Cannot use V2 for streaming read

Question

Cannot use V2 for streaming read

james-miles-ccy opened this issue a year ago · comments

Is there an existing issue for this?

I have searched the existing issues

Current Behavior

I am trying to read via V2 in streaming way, with no success.
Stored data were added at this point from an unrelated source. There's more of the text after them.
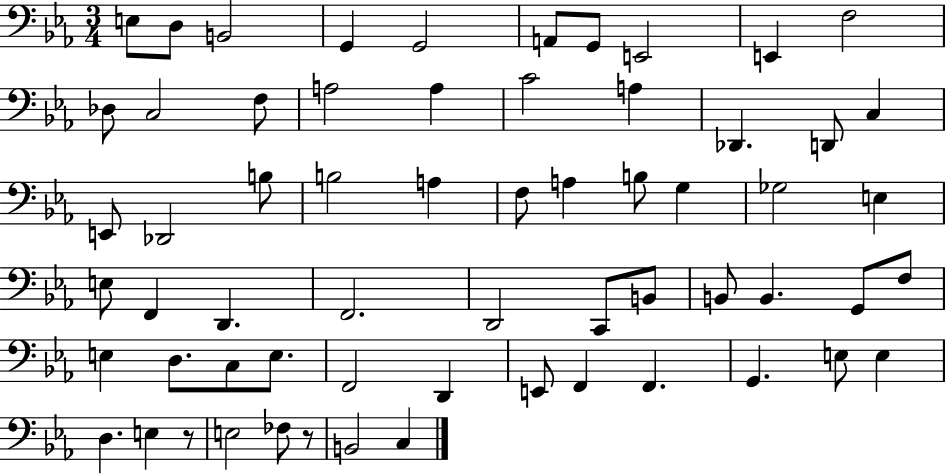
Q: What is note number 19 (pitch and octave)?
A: D2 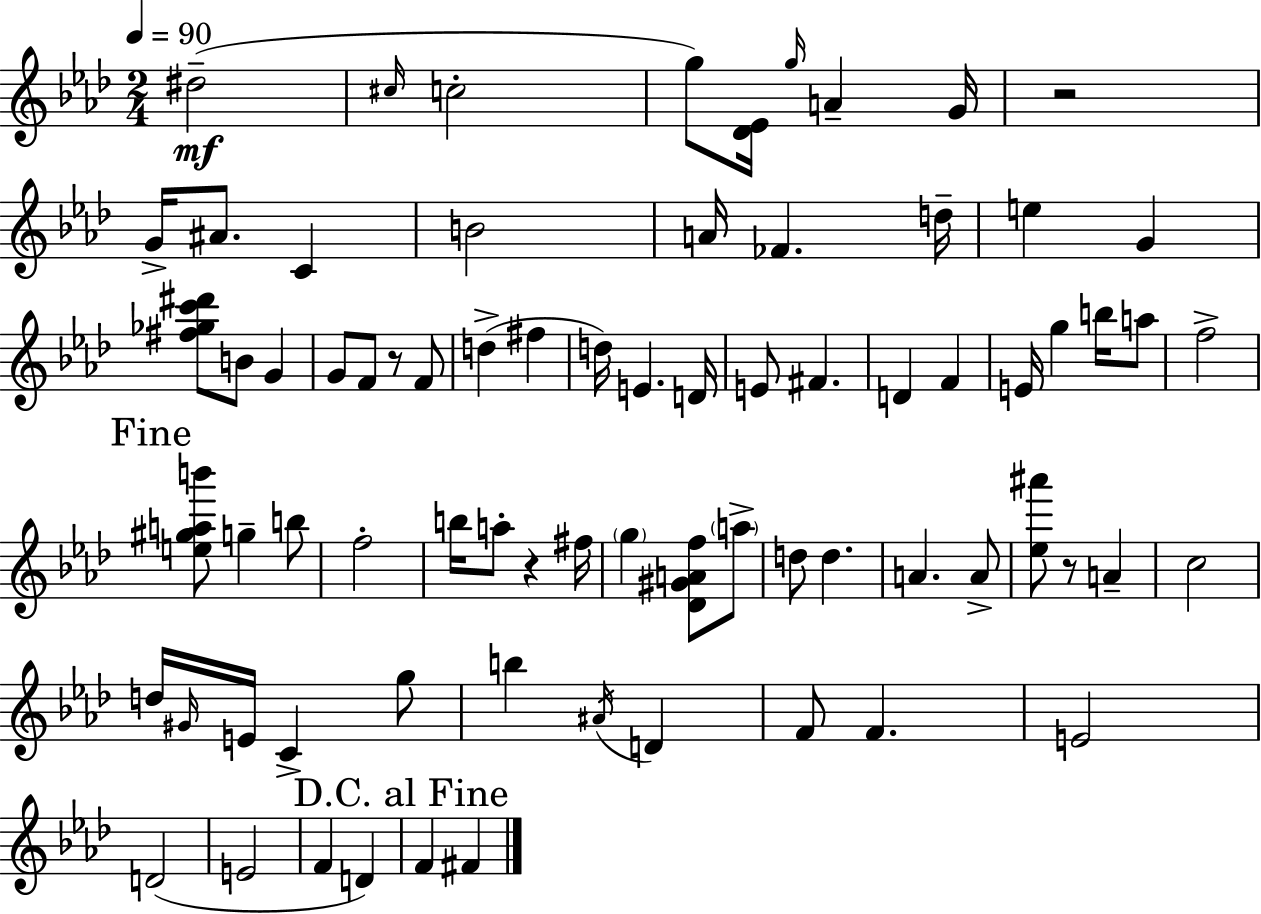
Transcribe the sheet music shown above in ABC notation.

X:1
T:Untitled
M:2/4
L:1/4
K:Fm
^d2 ^c/4 c2 g/2 [_D_E]/4 g/4 A G/4 z2 G/4 ^A/2 C B2 A/4 _F d/4 e G [^f_gc'^d']/2 B/2 G G/2 F/2 z/2 F/2 d ^f d/4 E D/4 E/2 ^F D F E/4 g b/4 a/2 f2 [e^gab']/2 g b/2 f2 b/4 a/2 z ^f/4 g [_D^GAf]/2 a/2 d/2 d A A/2 [_e^a']/2 z/2 A c2 d/4 ^G/4 E/4 C g/2 b ^A/4 D F/2 F E2 D2 E2 F D F ^F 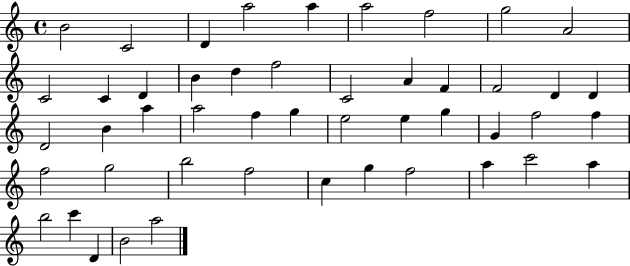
B4/h C4/h D4/q A5/h A5/q A5/h F5/h G5/h A4/h C4/h C4/q D4/q B4/q D5/q F5/h C4/h A4/q F4/q F4/h D4/q D4/q D4/h B4/q A5/q A5/h F5/q G5/q E5/h E5/q G5/q G4/q F5/h F5/q F5/h G5/h B5/h F5/h C5/q G5/q F5/h A5/q C6/h A5/q B5/h C6/q D4/q B4/h A5/h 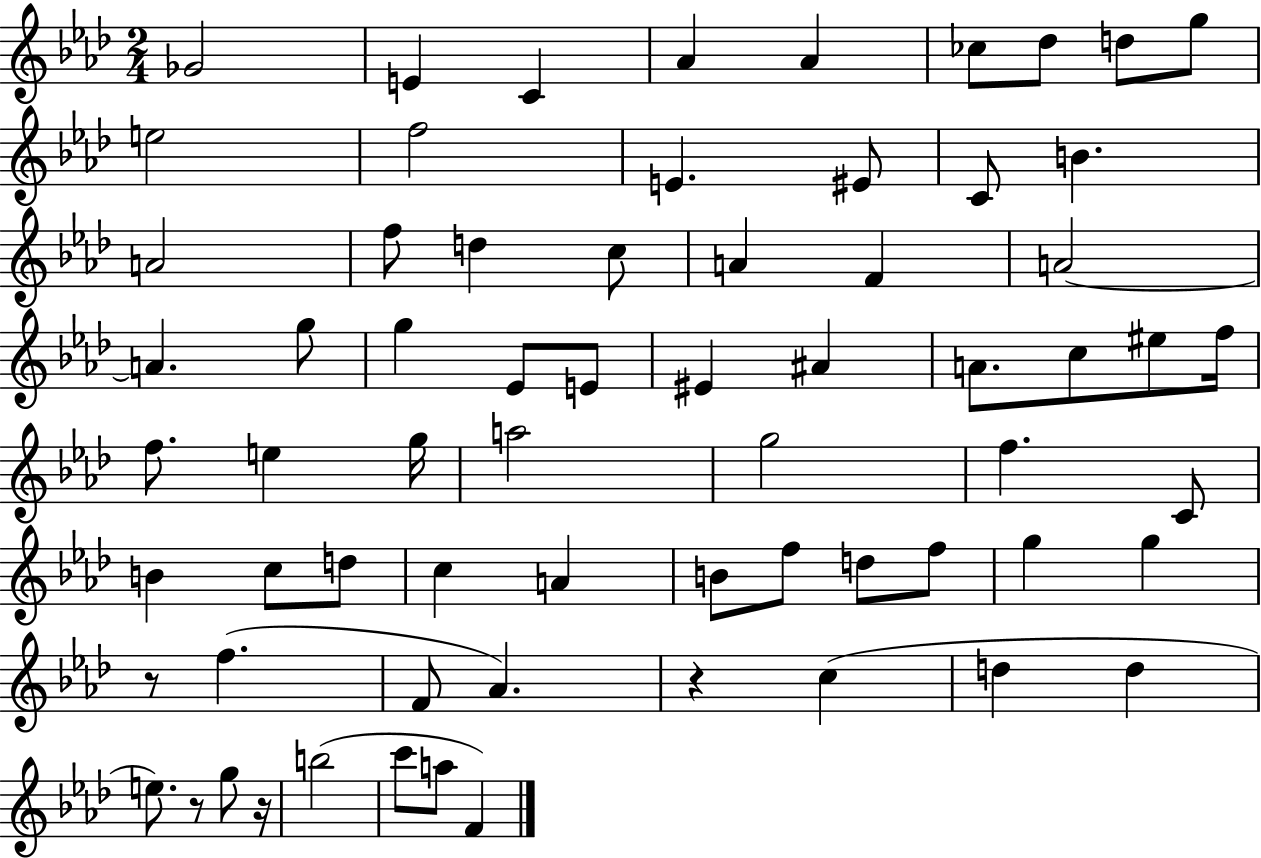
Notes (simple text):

Gb4/h E4/q C4/q Ab4/q Ab4/q CES5/e Db5/e D5/e G5/e E5/h F5/h E4/q. EIS4/e C4/e B4/q. A4/h F5/e D5/q C5/e A4/q F4/q A4/h A4/q. G5/e G5/q Eb4/e E4/e EIS4/q A#4/q A4/e. C5/e EIS5/e F5/s F5/e. E5/q G5/s A5/h G5/h F5/q. C4/e B4/q C5/e D5/e C5/q A4/q B4/e F5/e D5/e F5/e G5/q G5/q R/e F5/q. F4/e Ab4/q. R/q C5/q D5/q D5/q E5/e. R/e G5/e R/s B5/h C6/e A5/e F4/q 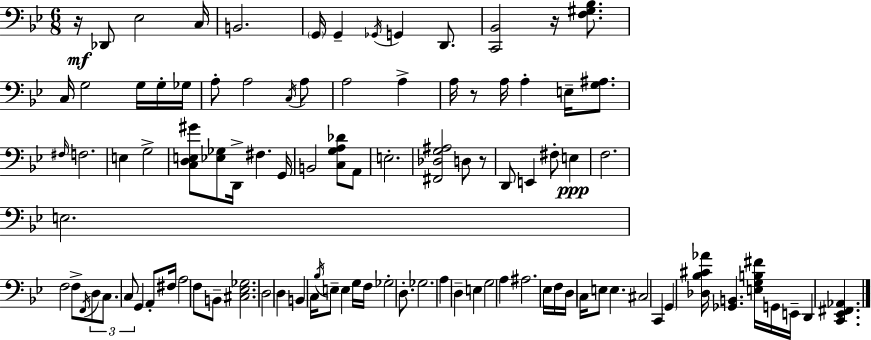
X:1
T:Untitled
M:6/8
L:1/4
K:Bb
z/4 _D,,/2 _E,2 C,/4 B,,2 G,,/4 G,, _G,,/4 G,, D,,/2 [C,,_B,,]2 z/4 [F,^G,_B,]/2 C,/4 G,2 G,/4 G,/4 _G,/4 A,/2 A,2 C,/4 A,/2 A,2 A, A,/4 z/2 A,/4 A, E,/4 [G,^A,]/2 ^F,/4 F,2 E, G,2 [C,D,E,^G]/2 [_E,_G,]/2 D,,/4 ^F, G,,/4 B,,2 [C,G,A,_D]/2 A,,/2 E,2 [^F,,_D,G,^A,]2 D,/2 z/2 D,,/2 E,, ^F,/2 E, F,2 E,2 F,2 F,/2 F,,/4 D,/2 C,/2 C,/2 G,, A,,/2 ^F,/4 A,2 F,/2 B,,/2 [^C,_E,_G,]2 D,2 D, B,, C,/4 _B,/4 E,/2 E, G,/4 F,/4 _G,2 D,/2 _G,2 A, D, E, G,2 A, ^A,2 _E,/4 F,/4 D,/4 C,/4 E,/2 E, ^C,2 C,, G,, [_D,_B,^C_A]/4 [_G,,B,,] [E,G,B,^F]/4 G,,/4 E,,/4 D,, [C,,_E,,^F,,_A,,] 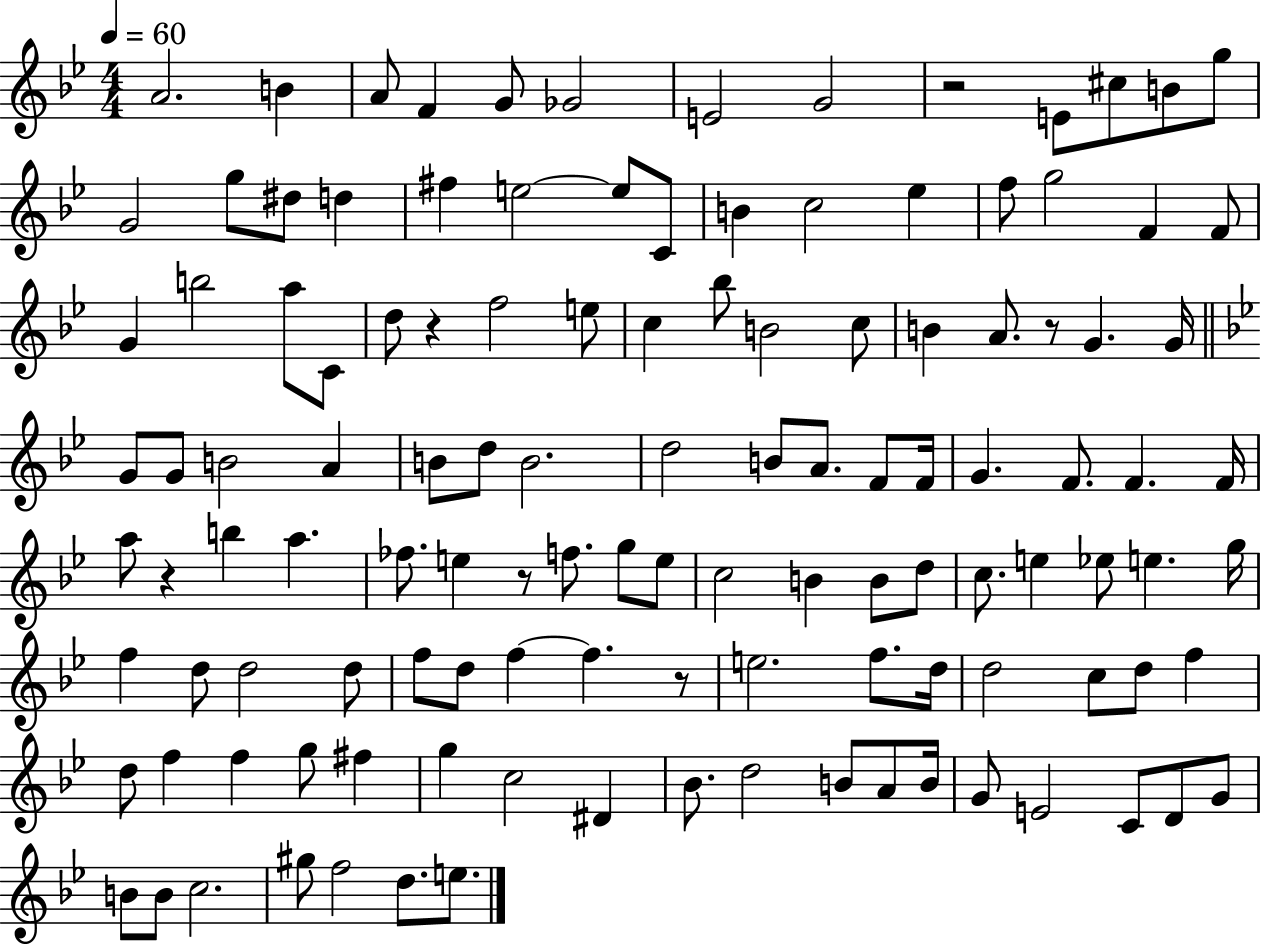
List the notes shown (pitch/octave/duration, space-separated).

A4/h. B4/q A4/e F4/q G4/e Gb4/h E4/h G4/h R/h E4/e C#5/e B4/e G5/e G4/h G5/e D#5/e D5/q F#5/q E5/h E5/e C4/e B4/q C5/h Eb5/q F5/e G5/h F4/q F4/e G4/q B5/h A5/e C4/e D5/e R/q F5/h E5/e C5/q Bb5/e B4/h C5/e B4/q A4/e. R/e G4/q. G4/s G4/e G4/e B4/h A4/q B4/e D5/e B4/h. D5/h B4/e A4/e. F4/e F4/s G4/q. F4/e. F4/q. F4/s A5/e R/q B5/q A5/q. FES5/e. E5/q R/e F5/e. G5/e E5/e C5/h B4/q B4/e D5/e C5/e. E5/q Eb5/e E5/q. G5/s F5/q D5/e D5/h D5/e F5/e D5/e F5/q F5/q. R/e E5/h. F5/e. D5/s D5/h C5/e D5/e F5/q D5/e F5/q F5/q G5/e F#5/q G5/q C5/h D#4/q Bb4/e. D5/h B4/e A4/e B4/s G4/e E4/h C4/e D4/e G4/e B4/e B4/e C5/h. G#5/e F5/h D5/e. E5/e.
I was wondering if there is anything I can do to get this working?

the code is below:

df = spark.readStream.format("cloudFiles")
.option("cloudFiles.format", "excel")
.option("maxRowsInMemory", 20)
.schema(schema)
.load(file_path)

display(df)

the exception error is given below:

java.lang.UnsupportedOperationException: ExcelFileFormat as fallback format for V2 supports writing only

Expected Behavior

I was hoping it would generate a dataframe.

Steps To Reproduce

df = spark.readStream.format("cloudFiles")
.option("cloudFiles.format", "excel")
.option("maxRowsInMemory", 20)
.schema(schema)
.load(file_path)

display(df)

Environment

- Spark version:3.3.1
- Spark-Excel version:2.12:3.3.1_0.18.7
- OS:Windows
- Cluster environment:Databricks

Anything else?

No response

Martin Mauch · Answer 1 · Sun Apr 23 2023 17:26:55 GMT+0800 (China Standard Time)

The documentation reads like this is only supported for a few specific file formats:
https://docs.databricks.com/ingestion/auto-loader/options.html#file-format-options
Not sure if they are hard-coded somewhere, or one would need to implement a special API.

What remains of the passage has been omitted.